Day 26–A Locavore’s Lunch–Big Ed’s

Honey

Honey. If you are the kind of woman who hates being called “Honey” then by all means do not eat at Big Ed’s in Raleigh. Big Ed’s is one of those wonderful restaurants that has become an institution in and of itself, serving up large plates of locally grown vegetables and blue plate specials of NC pork, catfish and chicken pastry. And the waitresses WILL call you “Honey.” Or Sweetie.
Or Sugar. My advice? If you’re averse to such nicknames, suck it up and deal with it. Why? Because it’s meant in the nicest way possible (not in that creepy, condescending way that salesmen and politicians use), the service is amazing and friendly and the food is really good. Gut busting good. Paula Deen needs to come down here and learn herself a few things (and that, I promise, is my last Paula Deen reference).

Southern, homestyle food is not coated in sticks of butter, fried to within an inch of its life and drown in sugar, no matter what celebrity chefs say. True southern cooking is has its roots in necessity, practicality and, in some cases, poverty. Most southern cooking depends on lots and lots of vegetables. Why? Because in our agricultural state, vegetables were more plentiful and affordable than meat. Meat is more often used as a seasoning, stretching out what folks had for as long as possible. And people ate seasonally because, well, you ate what you had. Even desserts rely mostly on local, seasonal fruit (the exception is banana pudding, but that is sacred territory).

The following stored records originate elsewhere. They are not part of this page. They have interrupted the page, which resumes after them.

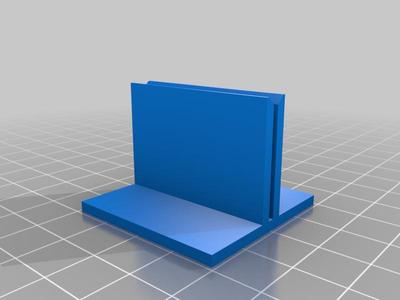 Cardboard Stand / Holder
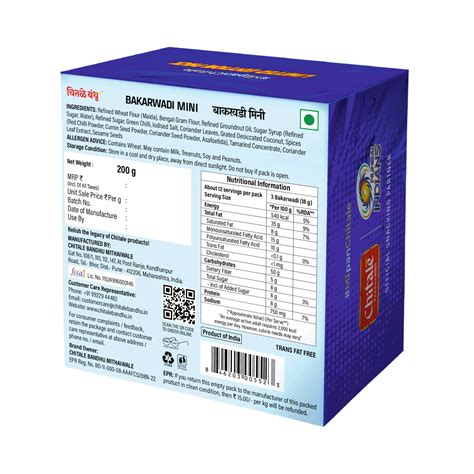 Chitale Bandhu Mini Bakarwadi (Limited Edition Pack)
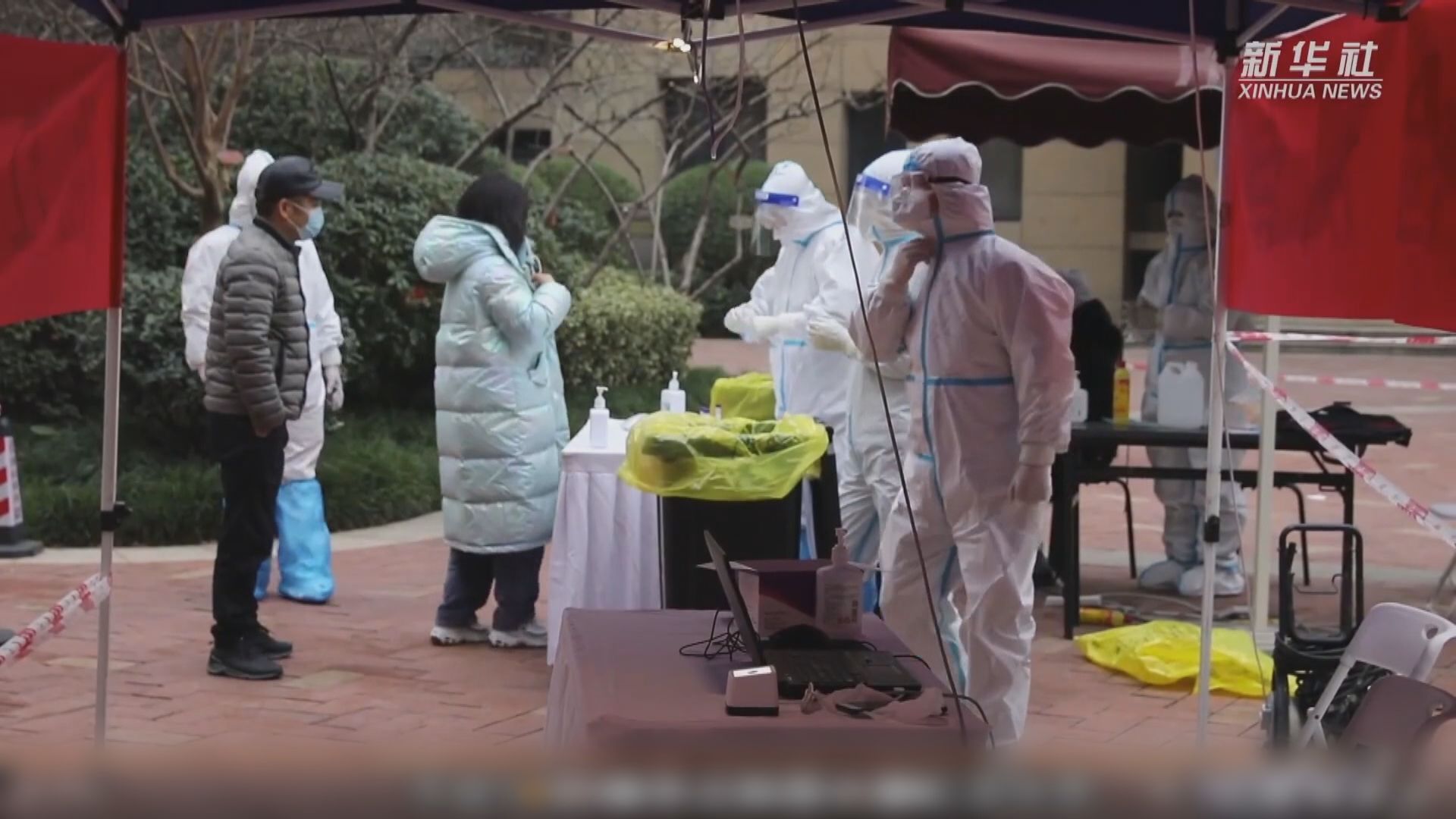 西安中午啟動新一輪核酸篩查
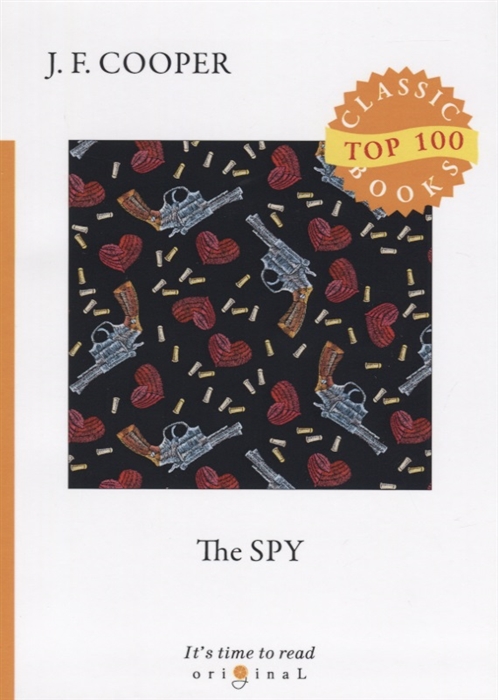 

The Spy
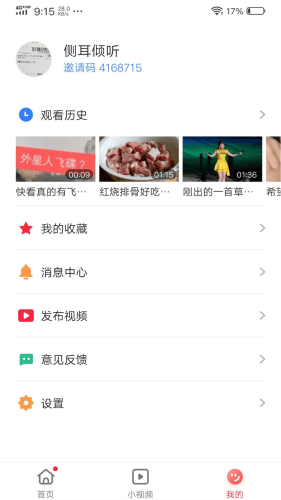 火速视频app下载安装图片1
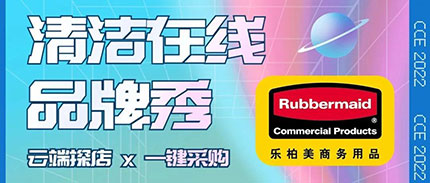 清洁在线品牌秀 | 云展厅，重磅来袭！预约直播，解锁乐柏美商务用品更多场景的清洁解决方案！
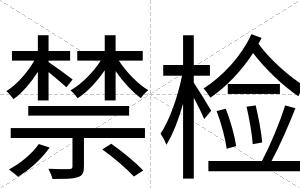 禁检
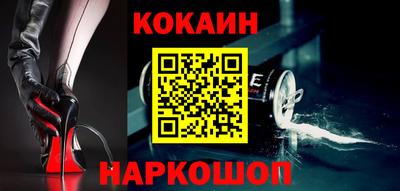 гидропоника Заводоуковск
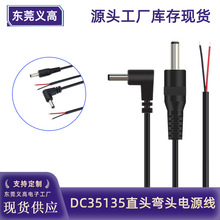 ���dc3.5*1.35�乫ͷ��dc��ͷ35135ֱ�ǹ�ͷ90&deg;��ͷ��Դ�����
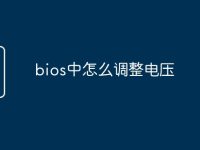 bios中怎么调整电压-路由网
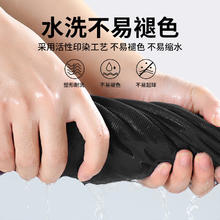 HIPANDA HI PANDA你好熊猫直筒裤男春秋宽松阔版舒适透气学常休闲百搭运动裤子 -黑#JDP拼图 L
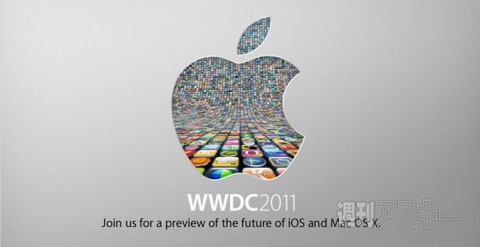 アップルWWDCなど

If you want to taste true southern, homestyle cooking and you can’t go to your mama’s house, Big Ed’s is a great place to try. All the vegetables at Big Ed’s are purchased from the State Farmer’s Market a mile or so down the road, so the vegetable selection is not only local, but seasonal (don’t ask for strawberries in January). The pork and most other meats are sourced to NC as well. When I asked about the vegetables, the cashier looked nostalgic and said, “Sam even grows some of the vegetables in his own garden. Oh, you should taste those green beans. We sell out fast on those days.” She had such a happy look on her face that I made a note to definitely COME BACK in green bean season. And at $6-$7 dollars for a plate (meat, two vegetables, biscuits, drink and dessert), this is locally sourced food at an affordable price.

My lunch was delicious pulled pork barbecue (NC pork), collard greens, black-eyed peas, biscuit, fresh cabbage slaw and a piece of yummy sweet potato cake. You can also get breakfasts made with local pork sausage and local farm eggs. Or pancakes as big as your head (and I am not kidding).

I’m glad that my town celebrates local eating and locally sourced food both on the high-end and at the homestyle end of the eating spectrum. Because after all, locally sourced food should be available to everyone, honey.